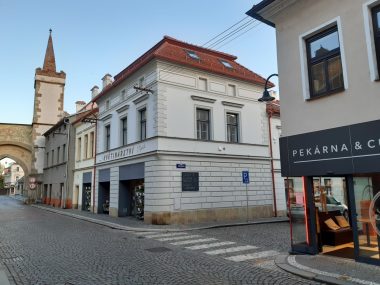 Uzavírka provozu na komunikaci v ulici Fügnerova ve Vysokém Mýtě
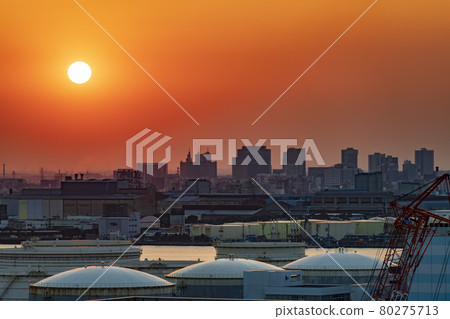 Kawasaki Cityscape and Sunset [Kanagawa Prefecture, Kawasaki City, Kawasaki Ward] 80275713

==

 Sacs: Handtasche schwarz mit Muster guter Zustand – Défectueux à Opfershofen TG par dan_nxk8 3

* * *

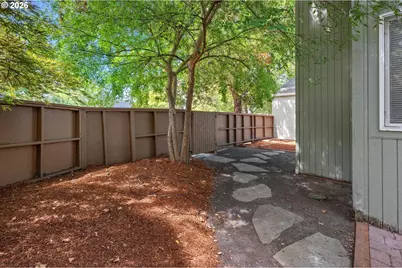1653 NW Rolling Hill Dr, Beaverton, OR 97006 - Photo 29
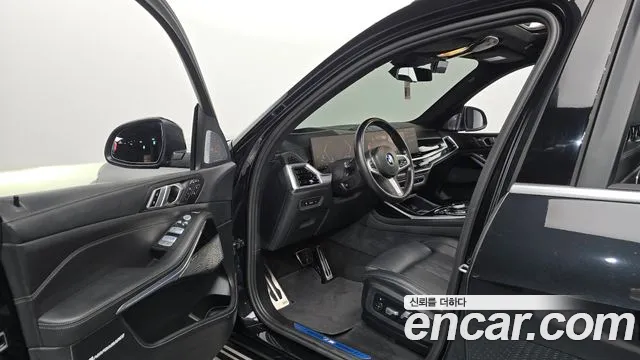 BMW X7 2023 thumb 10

PROBLEM DETAILS: Repeat the lines above exactly, beginning with the one containing "Uzavírka provozu na" and finishing with the one containing "Kawasaki Cityscape and". No pictures belong in the copy.

ANSWER AREA:
 Uzavírka provozu na komunikaci v ulici Fügnerova ve Vysokém Mýtě
 Kawasaki Cityscape and Sunset [Kanagawa Prefecture, Kawasaki City, Kawasaki Ward] 80275713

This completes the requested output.